IT staff not up to speed on EU Data Protection Regulation
- 13 November, 2014 19:09
Up to a half of IT European staff admit they're not ready for the EU's ground-breaking General Data Protection Regulation (GDPR), and more than that number aren't even sure what the term 'GDPR' stands for, a survey of European professionals by network management firm Ipswitch has suggested.

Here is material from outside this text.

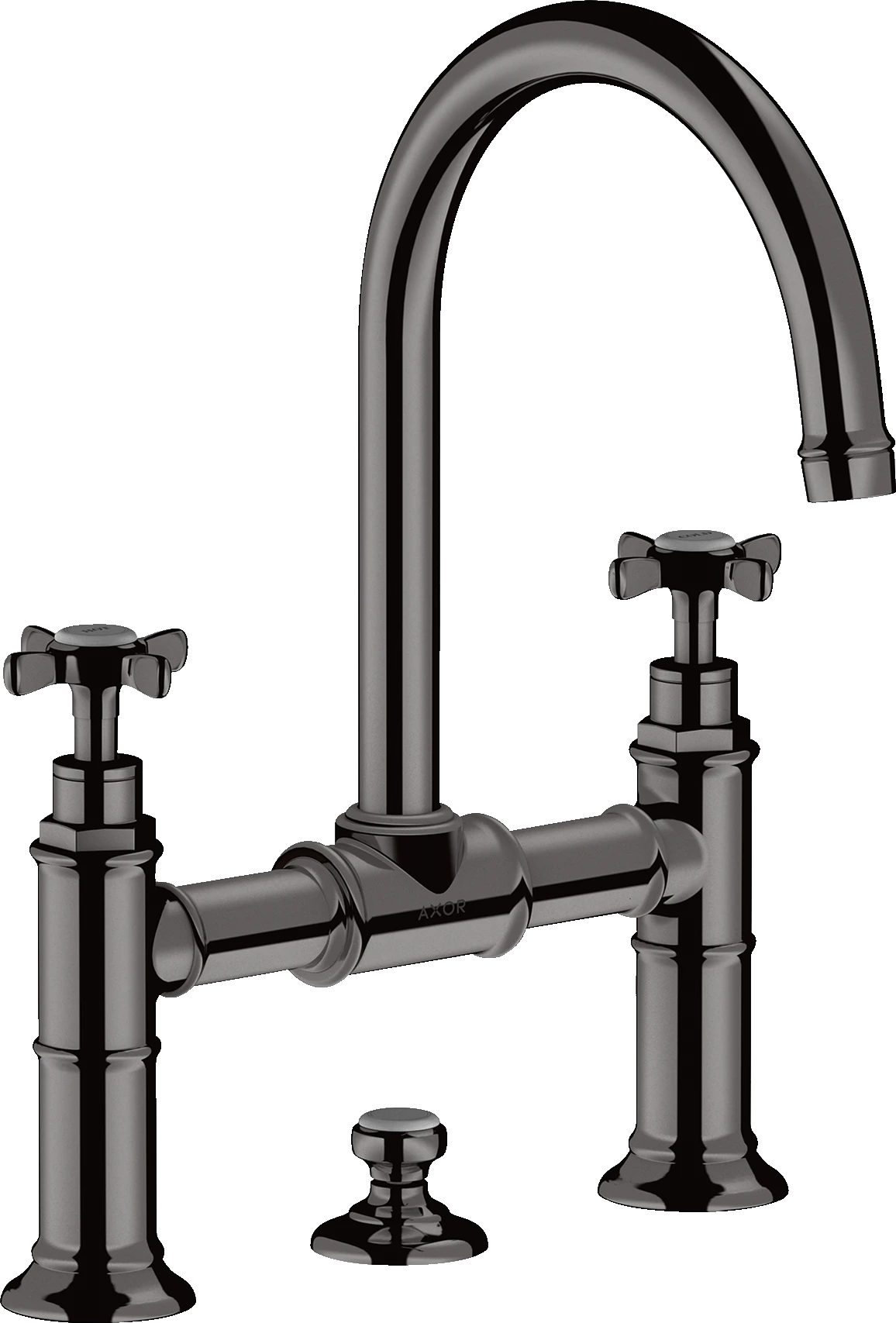 Axor Montreux 2-handle Basin Mixer 220 With Cross Handles And Pop-up Waste Polished Black Chrome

The survey only questioned 306 IT decision makers (104 from the UK and the rest from German and France), but the results are probably a fair indication of preparedness for what will be the EU's most important ever privacy regulation, due to be implemented in its final form sometime between late 2014 and 2016.

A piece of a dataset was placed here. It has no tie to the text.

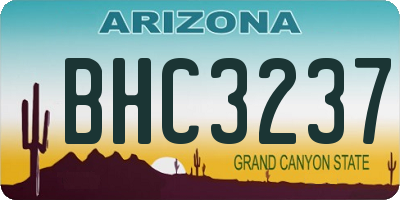 AZ license plate BHC3237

Only 13 percent rated furthering their understanding as a priority for 2015 among a clutch of other worries.
Given the vagueness of some of the timetables and the complexity of the consultation process, it is no surprise that few had much idea about its implementation timetable, with 64 percent saying they had no idea, and barely one in ten suggesting the end of this year.
German professionals seemed to be the best informed, British ones the least, with few having yet assessed whether external providers such as their cloud services will be able to meet the Regulation's demands on security and sovereignty.

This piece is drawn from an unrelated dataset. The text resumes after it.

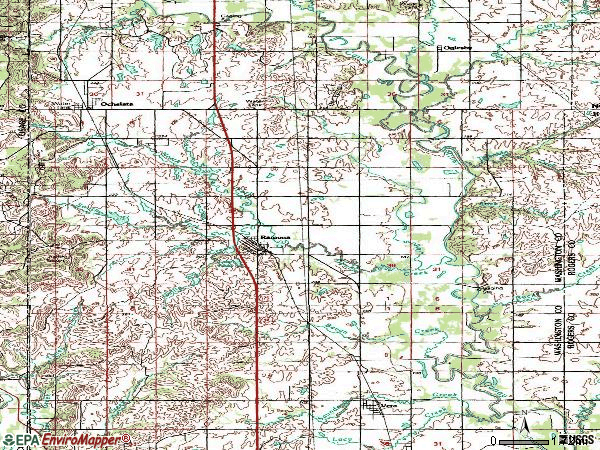 Zip code 74061 topographic map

"GDPR includes an obligation to protect personal data across the borderless enterprise. IT Professionals should review and bolster their data processing policies and practices now, before the regulation comes into effect," said Ipswitch vice president of sales, Alessandro Porro.
Time is running short. The Regulation is already exerting a strong gravity on the development of data privacy principles in the EU and beyond, with the 'right to be forgotten' principle passed by the Parliament earlier this year a warning shot of the Regulation's potential demands.
The general lack of awareness uncovered in the survey suggests that the bedding-in period will take longer than some assume. If it's as bad as Ipswitch's survey suggests, Education might end up coming in the form of warning prosecutions.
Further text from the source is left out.